Nor did the researcher explain why despite removal of dams on the Penobscot and Kennebec, the salmon run this year was a very disappointing 800+ fish.
It is possible to design naturalistic fishways like the one in Damriscotta, http://damariscottamills.org/ that work very well according to the land trust which built it and to a small group of us, along with ospreys, heron, gulls, and eagles, who watched it in action. This is done in Europe and places like Ireland, Sun Valley, Idaho; N. Carolina, etc.
Nor does this researcher weigh the equities with his obsession with restoring long gone species.
Dam impounds save water to weather droughts and nourish watersheds and wetlands; in Europe edible fish are grown in the habitat, enabling the poor to obtain fresh food inexpensively while taking down the dam dramatically reduces the aquatic habitat and may well destroy it during drought conditions; dams also serve a function of taming raging waterways during episodic rain events which are now common to the period of warming in New England—see Androscoggin dam system for example.
Given the trash and invasive species now proliferating in Maine waters; a dam can become a filter preventing up and downstream contamination.
Oxygenation during low water periods is yet another function of the dam vital to the habitat.
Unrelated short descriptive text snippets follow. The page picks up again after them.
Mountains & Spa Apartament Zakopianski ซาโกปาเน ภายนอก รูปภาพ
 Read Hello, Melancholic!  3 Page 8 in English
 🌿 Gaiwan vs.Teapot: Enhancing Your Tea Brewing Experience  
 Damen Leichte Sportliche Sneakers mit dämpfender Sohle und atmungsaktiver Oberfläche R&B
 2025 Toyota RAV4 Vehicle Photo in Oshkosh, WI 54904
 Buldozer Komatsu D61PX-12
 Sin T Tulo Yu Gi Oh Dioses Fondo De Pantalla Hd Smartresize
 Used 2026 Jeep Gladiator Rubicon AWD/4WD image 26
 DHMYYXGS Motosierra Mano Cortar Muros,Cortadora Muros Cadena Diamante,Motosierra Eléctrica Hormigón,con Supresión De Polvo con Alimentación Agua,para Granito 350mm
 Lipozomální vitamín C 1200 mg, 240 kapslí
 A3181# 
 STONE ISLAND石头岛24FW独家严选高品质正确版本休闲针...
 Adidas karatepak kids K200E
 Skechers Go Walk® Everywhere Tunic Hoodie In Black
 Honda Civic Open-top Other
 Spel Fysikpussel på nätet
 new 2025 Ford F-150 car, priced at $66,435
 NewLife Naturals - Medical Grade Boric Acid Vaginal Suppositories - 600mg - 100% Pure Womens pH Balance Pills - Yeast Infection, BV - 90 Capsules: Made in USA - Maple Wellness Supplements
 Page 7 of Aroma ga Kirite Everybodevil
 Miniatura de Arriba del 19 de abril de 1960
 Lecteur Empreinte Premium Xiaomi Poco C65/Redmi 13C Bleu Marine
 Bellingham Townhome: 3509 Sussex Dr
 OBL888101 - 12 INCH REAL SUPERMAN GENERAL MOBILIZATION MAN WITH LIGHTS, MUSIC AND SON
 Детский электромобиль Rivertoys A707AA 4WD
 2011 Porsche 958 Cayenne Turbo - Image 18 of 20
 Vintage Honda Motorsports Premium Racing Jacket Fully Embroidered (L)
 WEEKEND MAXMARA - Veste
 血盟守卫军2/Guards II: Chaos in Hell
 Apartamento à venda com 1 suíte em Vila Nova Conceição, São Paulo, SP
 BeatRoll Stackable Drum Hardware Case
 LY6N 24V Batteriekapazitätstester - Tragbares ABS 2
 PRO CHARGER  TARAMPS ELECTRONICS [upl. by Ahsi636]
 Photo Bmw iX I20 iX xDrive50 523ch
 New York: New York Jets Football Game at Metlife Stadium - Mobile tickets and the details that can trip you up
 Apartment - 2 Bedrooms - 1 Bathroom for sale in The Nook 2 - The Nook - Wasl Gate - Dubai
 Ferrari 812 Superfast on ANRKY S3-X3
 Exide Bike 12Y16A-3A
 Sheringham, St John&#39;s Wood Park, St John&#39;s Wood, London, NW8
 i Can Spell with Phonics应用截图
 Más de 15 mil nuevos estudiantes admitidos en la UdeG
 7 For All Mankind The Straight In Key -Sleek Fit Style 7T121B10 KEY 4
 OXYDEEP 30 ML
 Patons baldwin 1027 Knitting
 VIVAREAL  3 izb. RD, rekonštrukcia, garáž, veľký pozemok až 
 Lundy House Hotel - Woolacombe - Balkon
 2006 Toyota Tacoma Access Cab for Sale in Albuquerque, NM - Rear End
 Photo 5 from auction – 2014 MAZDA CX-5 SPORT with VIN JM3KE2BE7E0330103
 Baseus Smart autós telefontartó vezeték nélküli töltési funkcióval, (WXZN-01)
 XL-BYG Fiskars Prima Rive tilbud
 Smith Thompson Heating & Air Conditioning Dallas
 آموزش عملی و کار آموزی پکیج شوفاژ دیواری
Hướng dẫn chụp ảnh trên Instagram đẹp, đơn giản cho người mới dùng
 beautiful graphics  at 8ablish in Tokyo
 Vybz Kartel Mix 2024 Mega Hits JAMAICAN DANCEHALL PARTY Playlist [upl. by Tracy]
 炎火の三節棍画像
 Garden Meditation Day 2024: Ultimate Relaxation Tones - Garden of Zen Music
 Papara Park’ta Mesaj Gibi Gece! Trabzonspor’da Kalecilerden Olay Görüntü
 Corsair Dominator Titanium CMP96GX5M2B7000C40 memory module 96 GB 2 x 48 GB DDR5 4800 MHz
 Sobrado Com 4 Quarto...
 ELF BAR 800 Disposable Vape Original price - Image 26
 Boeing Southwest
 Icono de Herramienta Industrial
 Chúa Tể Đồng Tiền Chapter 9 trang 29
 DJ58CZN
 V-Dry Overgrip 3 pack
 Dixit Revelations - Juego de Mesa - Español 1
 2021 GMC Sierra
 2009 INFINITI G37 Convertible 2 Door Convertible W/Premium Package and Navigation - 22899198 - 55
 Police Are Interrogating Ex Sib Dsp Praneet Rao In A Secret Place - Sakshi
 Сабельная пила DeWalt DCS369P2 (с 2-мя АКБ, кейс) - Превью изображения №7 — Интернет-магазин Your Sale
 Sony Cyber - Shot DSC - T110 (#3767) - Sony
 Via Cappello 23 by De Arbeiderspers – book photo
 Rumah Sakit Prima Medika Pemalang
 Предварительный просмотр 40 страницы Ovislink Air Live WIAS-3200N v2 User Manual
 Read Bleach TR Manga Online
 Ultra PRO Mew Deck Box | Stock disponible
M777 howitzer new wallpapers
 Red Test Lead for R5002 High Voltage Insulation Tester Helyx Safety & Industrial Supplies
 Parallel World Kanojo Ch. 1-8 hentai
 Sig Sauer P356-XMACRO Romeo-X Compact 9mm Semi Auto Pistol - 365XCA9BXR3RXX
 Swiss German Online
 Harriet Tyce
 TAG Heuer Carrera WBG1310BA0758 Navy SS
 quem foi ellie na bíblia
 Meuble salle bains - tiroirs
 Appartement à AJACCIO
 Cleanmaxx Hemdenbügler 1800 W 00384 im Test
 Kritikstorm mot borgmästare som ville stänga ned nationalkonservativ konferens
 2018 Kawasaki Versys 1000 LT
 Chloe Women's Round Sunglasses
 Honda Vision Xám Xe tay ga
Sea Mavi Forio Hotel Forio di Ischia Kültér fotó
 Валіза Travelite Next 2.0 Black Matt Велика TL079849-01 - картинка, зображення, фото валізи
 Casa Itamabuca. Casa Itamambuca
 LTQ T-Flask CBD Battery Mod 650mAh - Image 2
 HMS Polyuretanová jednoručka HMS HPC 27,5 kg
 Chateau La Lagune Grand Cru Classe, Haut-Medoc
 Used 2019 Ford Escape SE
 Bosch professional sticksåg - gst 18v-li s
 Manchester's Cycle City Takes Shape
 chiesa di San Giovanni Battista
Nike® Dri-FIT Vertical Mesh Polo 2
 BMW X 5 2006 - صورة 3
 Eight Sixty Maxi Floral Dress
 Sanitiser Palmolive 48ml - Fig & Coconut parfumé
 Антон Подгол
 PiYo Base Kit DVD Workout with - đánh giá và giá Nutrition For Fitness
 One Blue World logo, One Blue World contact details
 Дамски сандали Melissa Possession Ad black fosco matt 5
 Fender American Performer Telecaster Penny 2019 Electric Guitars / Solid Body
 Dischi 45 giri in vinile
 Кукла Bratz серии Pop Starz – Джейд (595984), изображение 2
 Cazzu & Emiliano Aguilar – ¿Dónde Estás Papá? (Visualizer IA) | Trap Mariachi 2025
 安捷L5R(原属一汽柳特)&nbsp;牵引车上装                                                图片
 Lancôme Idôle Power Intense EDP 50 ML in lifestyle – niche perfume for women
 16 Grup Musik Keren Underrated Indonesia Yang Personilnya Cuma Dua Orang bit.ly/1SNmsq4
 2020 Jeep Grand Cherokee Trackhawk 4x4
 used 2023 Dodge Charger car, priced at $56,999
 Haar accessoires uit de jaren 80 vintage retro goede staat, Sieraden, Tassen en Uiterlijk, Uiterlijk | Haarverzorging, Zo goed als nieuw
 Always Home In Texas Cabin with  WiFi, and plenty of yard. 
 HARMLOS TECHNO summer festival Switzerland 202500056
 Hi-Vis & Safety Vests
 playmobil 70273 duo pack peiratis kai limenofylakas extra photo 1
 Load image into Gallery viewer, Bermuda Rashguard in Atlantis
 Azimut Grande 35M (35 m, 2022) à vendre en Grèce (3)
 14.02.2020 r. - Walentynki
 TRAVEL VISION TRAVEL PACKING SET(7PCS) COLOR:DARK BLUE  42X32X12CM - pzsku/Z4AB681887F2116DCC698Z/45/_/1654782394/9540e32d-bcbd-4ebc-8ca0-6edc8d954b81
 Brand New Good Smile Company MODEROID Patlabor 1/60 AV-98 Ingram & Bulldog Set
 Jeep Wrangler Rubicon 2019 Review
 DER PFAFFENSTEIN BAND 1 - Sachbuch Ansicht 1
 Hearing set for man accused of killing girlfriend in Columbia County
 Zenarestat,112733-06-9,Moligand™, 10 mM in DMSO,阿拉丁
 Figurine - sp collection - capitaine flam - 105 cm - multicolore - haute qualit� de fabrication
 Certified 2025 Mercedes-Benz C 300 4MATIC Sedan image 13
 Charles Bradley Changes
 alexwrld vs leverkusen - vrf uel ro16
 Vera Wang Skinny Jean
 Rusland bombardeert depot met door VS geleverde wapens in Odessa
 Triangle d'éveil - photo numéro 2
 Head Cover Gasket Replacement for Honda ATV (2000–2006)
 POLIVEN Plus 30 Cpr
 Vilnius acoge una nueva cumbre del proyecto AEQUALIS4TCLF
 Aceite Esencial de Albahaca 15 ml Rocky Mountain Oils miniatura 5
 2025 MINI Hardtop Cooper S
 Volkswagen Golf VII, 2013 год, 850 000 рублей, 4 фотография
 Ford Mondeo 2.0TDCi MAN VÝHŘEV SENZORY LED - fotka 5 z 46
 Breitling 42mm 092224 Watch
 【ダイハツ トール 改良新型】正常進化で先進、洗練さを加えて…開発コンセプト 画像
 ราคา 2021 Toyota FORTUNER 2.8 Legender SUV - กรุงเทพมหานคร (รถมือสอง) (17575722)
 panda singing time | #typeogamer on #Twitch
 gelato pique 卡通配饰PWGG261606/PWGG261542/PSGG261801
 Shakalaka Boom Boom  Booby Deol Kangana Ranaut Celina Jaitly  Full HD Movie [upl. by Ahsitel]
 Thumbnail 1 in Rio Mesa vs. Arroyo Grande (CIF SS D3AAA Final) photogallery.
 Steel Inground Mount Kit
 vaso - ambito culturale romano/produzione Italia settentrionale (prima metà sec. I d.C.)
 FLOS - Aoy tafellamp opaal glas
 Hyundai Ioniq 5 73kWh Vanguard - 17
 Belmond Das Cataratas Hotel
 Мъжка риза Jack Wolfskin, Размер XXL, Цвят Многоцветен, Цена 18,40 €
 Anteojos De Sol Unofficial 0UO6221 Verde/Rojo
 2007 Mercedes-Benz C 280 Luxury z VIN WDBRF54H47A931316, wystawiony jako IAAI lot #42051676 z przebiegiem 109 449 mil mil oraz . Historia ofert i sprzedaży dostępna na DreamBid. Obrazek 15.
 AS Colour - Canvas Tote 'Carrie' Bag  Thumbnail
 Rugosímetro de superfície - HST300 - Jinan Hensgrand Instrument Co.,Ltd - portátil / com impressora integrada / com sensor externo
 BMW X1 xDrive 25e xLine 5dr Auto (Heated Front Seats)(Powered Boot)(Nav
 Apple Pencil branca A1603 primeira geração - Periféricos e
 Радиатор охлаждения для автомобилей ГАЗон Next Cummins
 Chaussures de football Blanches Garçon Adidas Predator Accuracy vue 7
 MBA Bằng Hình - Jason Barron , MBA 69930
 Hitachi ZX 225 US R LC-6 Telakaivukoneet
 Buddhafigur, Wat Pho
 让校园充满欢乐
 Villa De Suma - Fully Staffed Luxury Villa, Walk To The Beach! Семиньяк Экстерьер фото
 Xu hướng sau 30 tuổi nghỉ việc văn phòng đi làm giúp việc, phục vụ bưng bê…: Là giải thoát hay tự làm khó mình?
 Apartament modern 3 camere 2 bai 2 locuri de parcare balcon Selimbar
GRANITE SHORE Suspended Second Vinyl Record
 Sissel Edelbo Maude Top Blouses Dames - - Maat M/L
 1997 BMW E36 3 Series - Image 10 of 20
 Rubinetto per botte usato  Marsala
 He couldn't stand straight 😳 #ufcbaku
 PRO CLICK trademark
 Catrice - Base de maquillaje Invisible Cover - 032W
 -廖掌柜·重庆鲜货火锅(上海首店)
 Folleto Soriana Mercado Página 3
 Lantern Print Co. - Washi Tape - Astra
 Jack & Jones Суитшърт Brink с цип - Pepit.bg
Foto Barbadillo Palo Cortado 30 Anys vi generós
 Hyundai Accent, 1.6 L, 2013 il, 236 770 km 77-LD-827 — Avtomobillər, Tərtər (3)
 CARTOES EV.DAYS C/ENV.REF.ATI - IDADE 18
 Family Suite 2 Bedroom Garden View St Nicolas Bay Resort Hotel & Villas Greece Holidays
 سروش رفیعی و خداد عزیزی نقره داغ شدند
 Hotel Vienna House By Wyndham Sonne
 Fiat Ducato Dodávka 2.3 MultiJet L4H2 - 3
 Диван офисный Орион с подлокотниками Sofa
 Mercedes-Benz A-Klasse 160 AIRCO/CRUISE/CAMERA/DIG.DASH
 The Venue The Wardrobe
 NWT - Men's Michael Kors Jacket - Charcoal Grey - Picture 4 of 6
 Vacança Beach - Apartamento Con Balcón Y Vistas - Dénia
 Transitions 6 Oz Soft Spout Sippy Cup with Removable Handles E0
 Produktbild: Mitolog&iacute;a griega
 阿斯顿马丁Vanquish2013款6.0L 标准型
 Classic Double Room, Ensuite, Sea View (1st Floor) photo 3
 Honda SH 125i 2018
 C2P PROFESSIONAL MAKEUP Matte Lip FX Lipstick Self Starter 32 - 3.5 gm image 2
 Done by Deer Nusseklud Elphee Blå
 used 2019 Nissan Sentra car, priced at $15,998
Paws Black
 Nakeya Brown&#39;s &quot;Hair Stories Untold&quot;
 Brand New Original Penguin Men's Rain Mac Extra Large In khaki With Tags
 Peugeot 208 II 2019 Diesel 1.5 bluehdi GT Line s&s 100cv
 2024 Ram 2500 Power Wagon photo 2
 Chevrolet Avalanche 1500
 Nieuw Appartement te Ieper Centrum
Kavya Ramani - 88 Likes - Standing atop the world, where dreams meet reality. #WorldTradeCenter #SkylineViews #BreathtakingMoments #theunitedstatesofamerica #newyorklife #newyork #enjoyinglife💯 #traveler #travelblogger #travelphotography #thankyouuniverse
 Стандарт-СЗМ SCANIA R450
And finally, we have the value of the tax base along the shore line and the recreational value & jobs created in the ponds and impounds created by the Dam. Perhaps the researcher lives on a trust fund and could care less; but to public policy makers loss of the recreational opportunities and highly taxed shoreline far outweighs enabling herring migration. I dare him to broach the topic during a town meeting and see how long before he gets escorted out of town by the local officials and others.